The worst spots on the walls seem to be right where the texture is the most intense. It’s not like I haven’t been a good housekeeper over the years either. I have! I just can’t stop nitpicking when I know our deposit is at stake. I know more likely than not we won’t get our deposit back regardless of me scrubbing my fingers to the bone. I still have to try.
It’s strange prepping a rental house for a move. I have scrubbed this hard in apartments that I lived in for much less time. Not surprisingly I got the full deposit back. This is a house though. That we have raised our kids in for nine long years. I didn’t clean this meticulously when we sold that first fixer upper after four years of occupying it.

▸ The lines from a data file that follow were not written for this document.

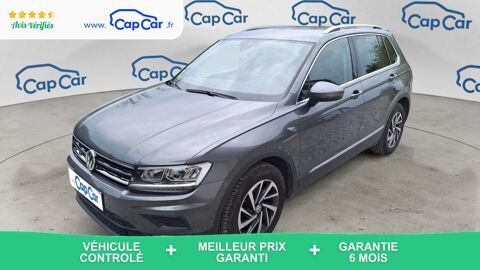 Volkswagen Tiguan 2.0 TDI 150 DSG7 Sound 2017 occasion Thonon Les Bains 74200
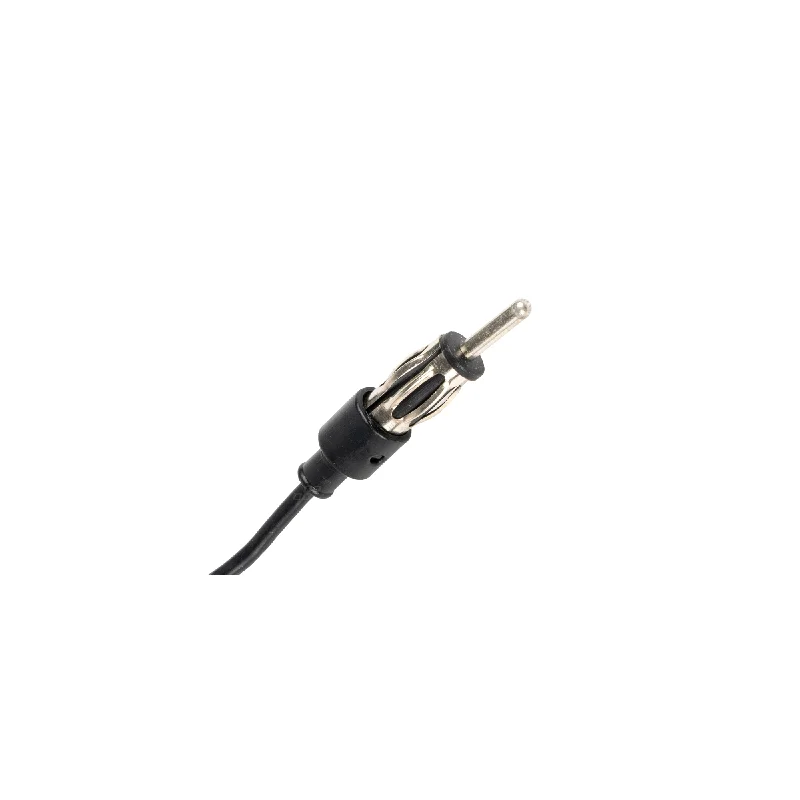 Antena tipo aleta de tiburón, con conector DIN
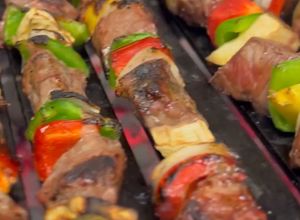 Foto de Espetadas de Carne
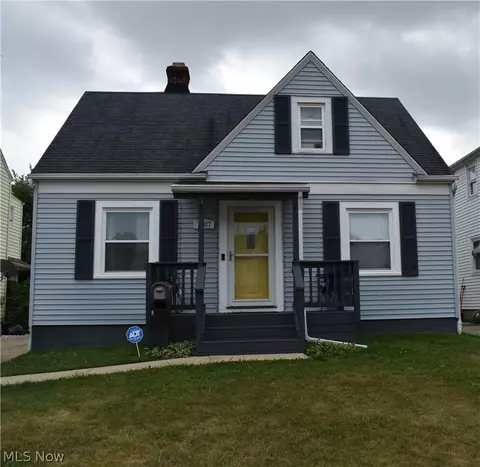 11817 Brighton Ave, Cleveland, OH 44111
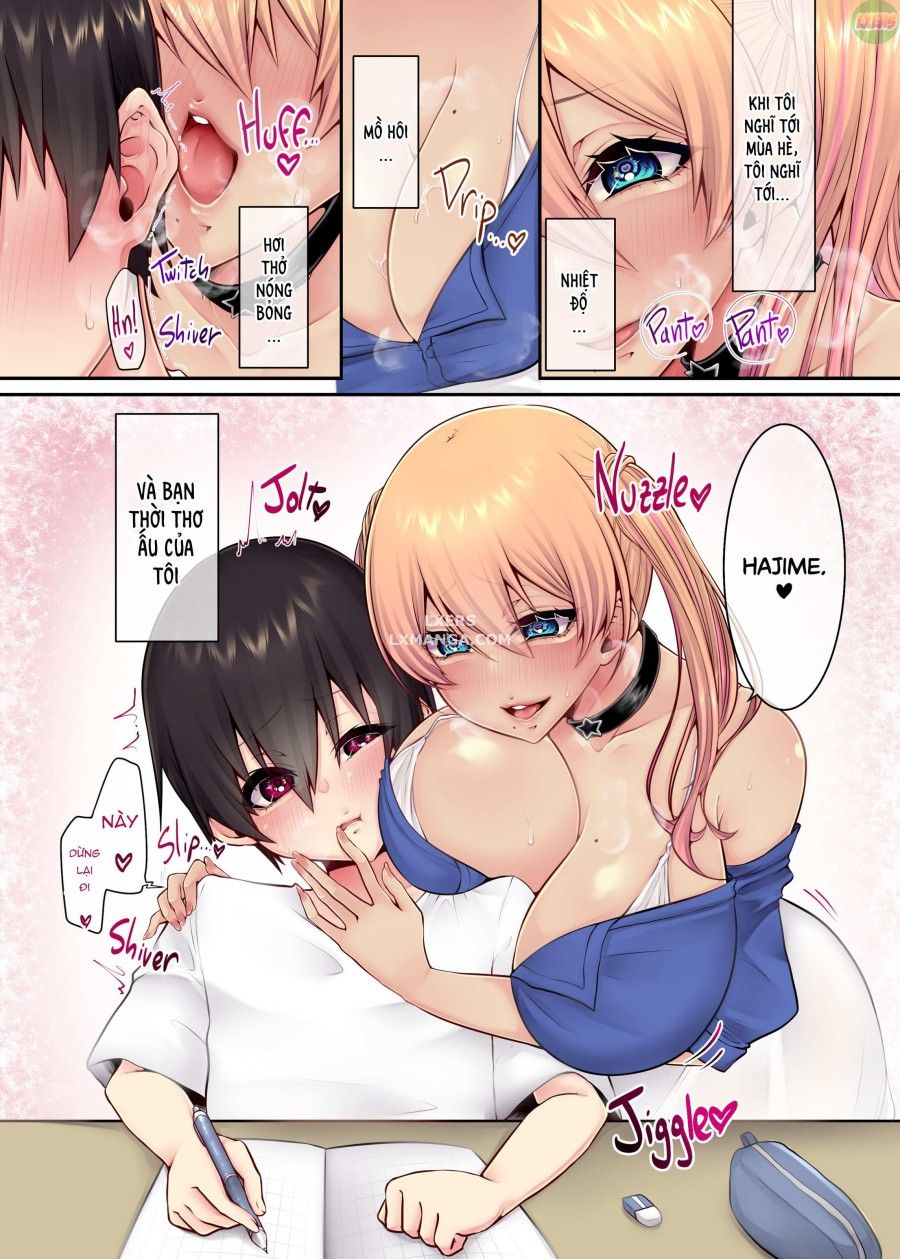 đọc truyện Bestie Busty Của Tôi Muốn Phá Vỡ Tôi Oneshot ảnh 2 tại Thiên Thai Truyện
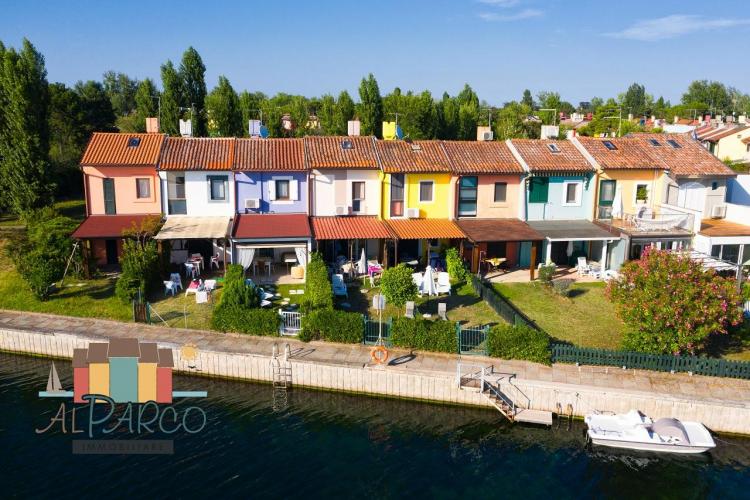 Fiordo Specchio Nautico bilocale superior - estern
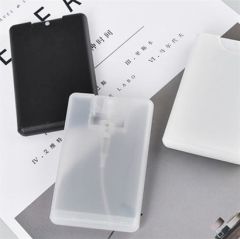Buffer 20 Ml Doldurulabilir Mini Cep Boy Kolay Taşınabilir Çok Amaçlı Parfüm Şişesi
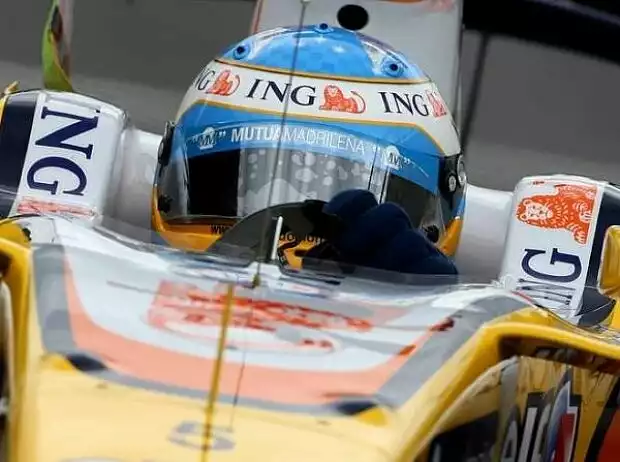 Fernando Alonso Titel-Bild zur News: Fernando Alonso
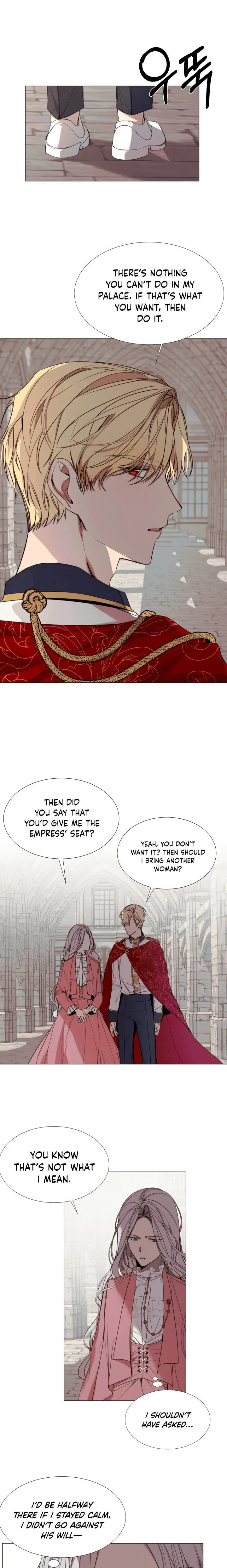 The Villainess Needs Her Tyrant Chapter 19 Image 3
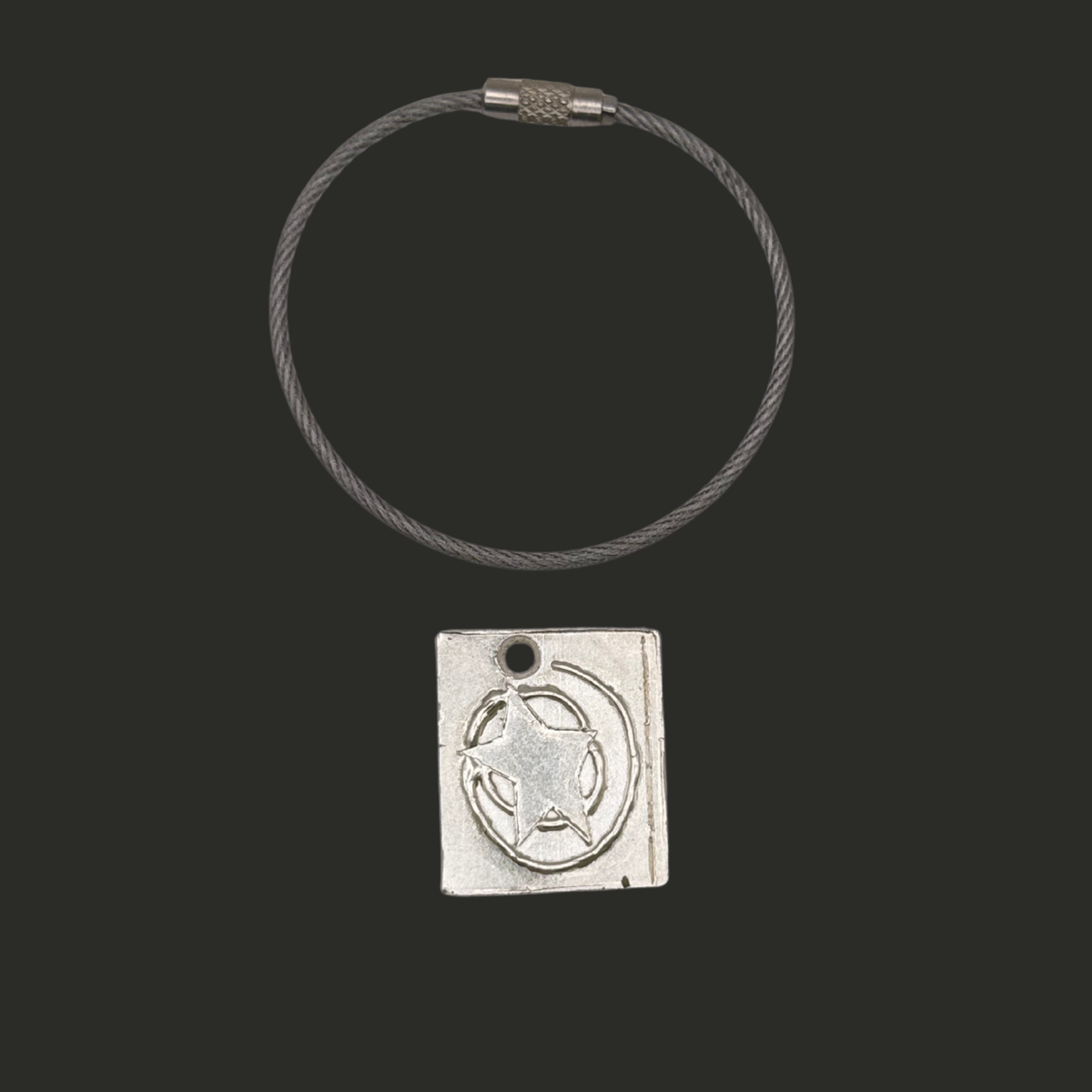 Houseguest Silver Keychains | #7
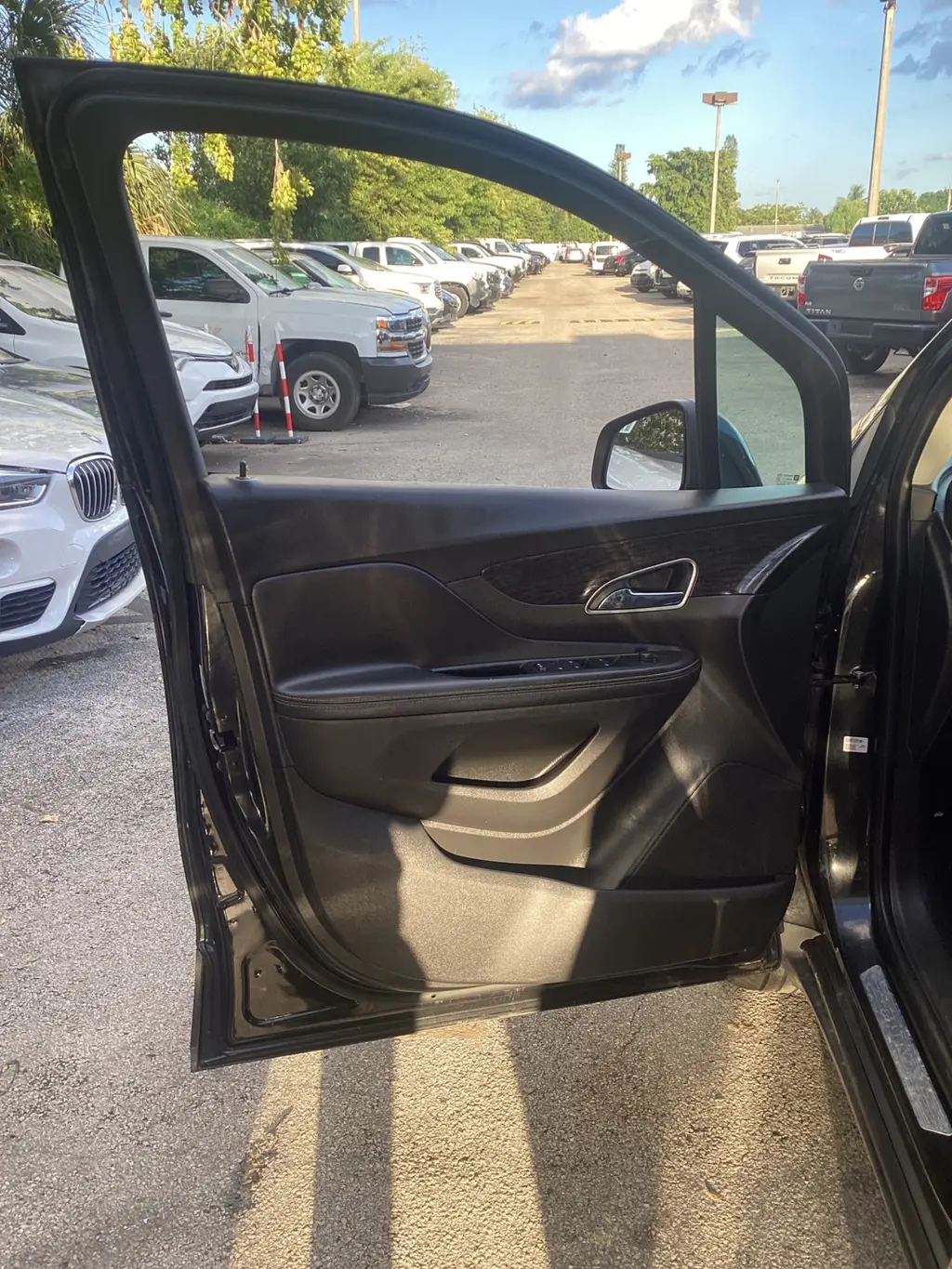 Florida Fine Cars - Used BUICK ENCORE 2015 MIAMI LEATHER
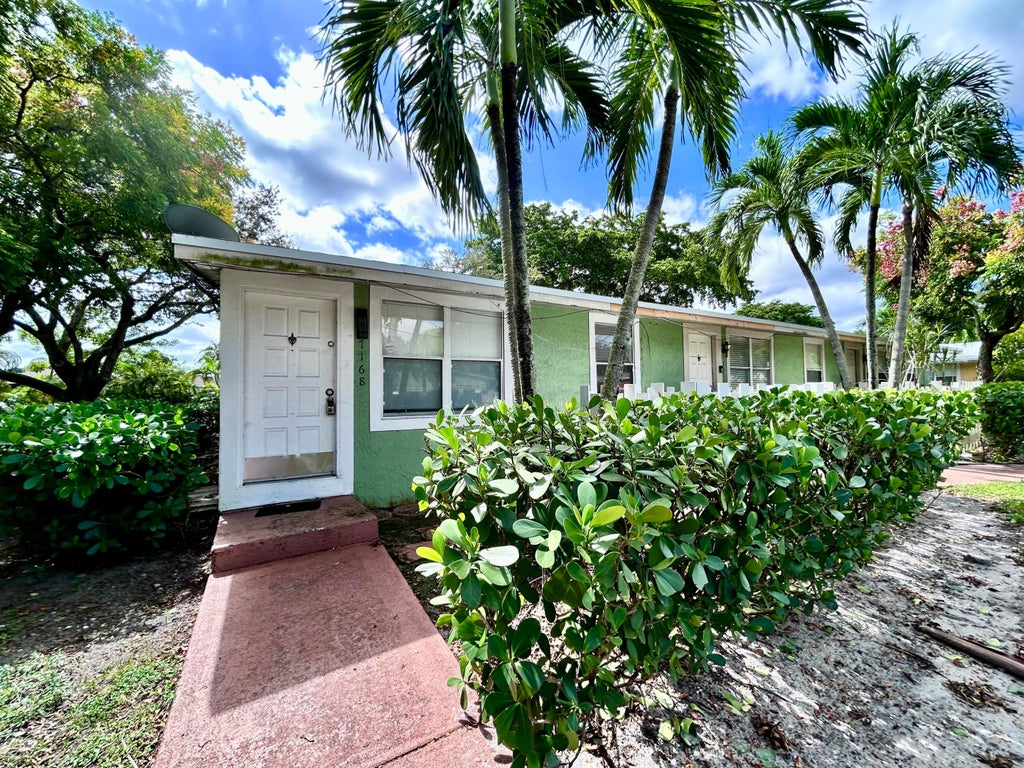 Photo of 7168 SOUTHGATE Boulevard #7168, Tamarac, FL 33321 (MLS # B26079690)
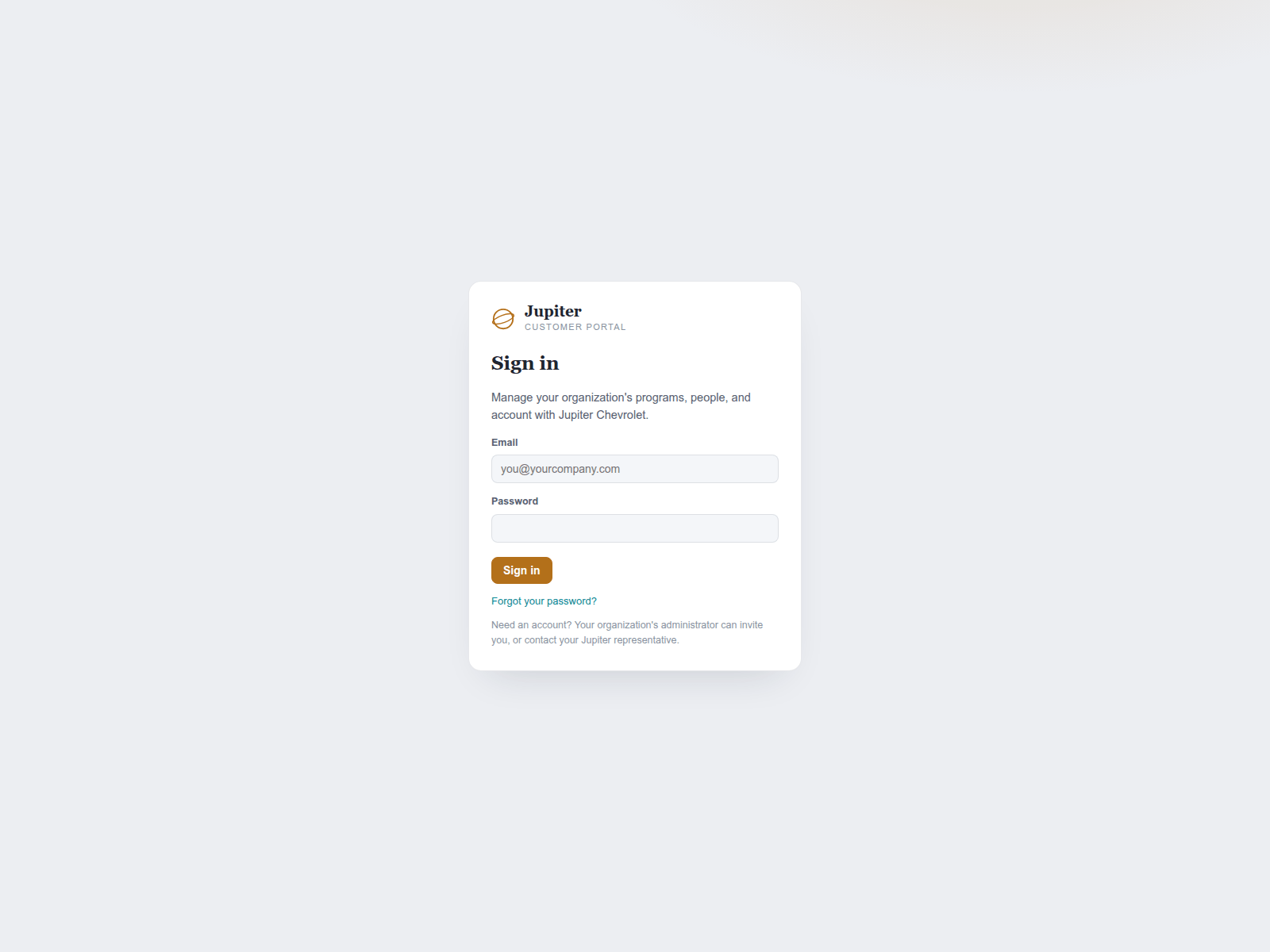 Screenshot of jupiter-portal.pages.dev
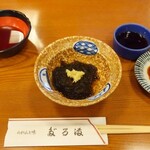 のれんと味 だるま料理店 - 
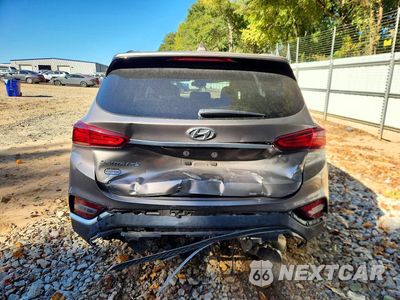 Zdjęcie 6 z 13 samochodu: 2019 HYUNDAI SANTA FE SEL 2.4L VIN:5NMS33AD9KH047551 - miniatura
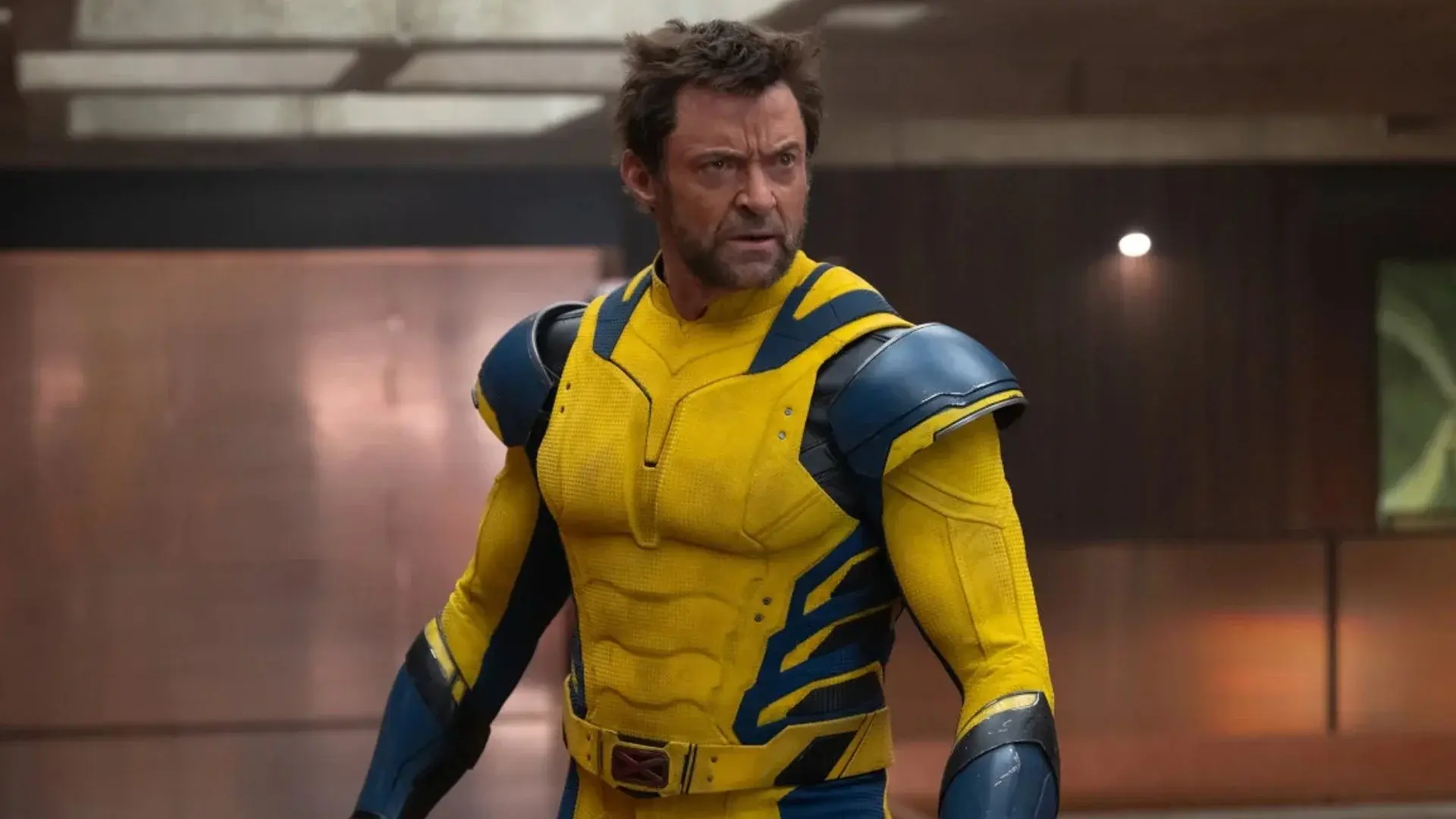 Hugh Jackman for The Wolverine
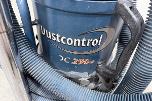 Dustcontrol DC 2900C EC støvutskiller med gulvmunnstykke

Selling a home is different from walking away from a rental. I look at this house that we have lived in for a significant period of time and think it just needs to be repainted. If it were my home I would repaint baseboards in a heartbeat. That’s the only way those scuff marks will ever go away.
I would do a better job painting too. The more I clean the more original mistakes I see. Drip marks, sides of door frames that never got the second coat they needed, knots in the boards, paint bleeding onto the walls or wall paint bleeding onto the baseboards. I know. I need to stop. Someone else’s work is not my problem. But it’s not perfect so it is my problem!
I don’t know if they are selling the home or renting it out. There are a lot of unfinished projects the handyman will finally have to finish though. In the meantime I am killing myself scrubbing because I can’t seem to stop. The worst part of all this is cleaning rooms we still need to use!
Heath joked that the Relief Society sisters will come in and wonder why we need help cleaning! That’s the hope. No, I do need help. I can’t get behind some places until things are moved. Like the refrigerator, the washer and dryer, some of the heavy furniture. My conscience won’t let me not keep working until this place sparkles. That and the promise of Diet Coke. I work for simple pleasures.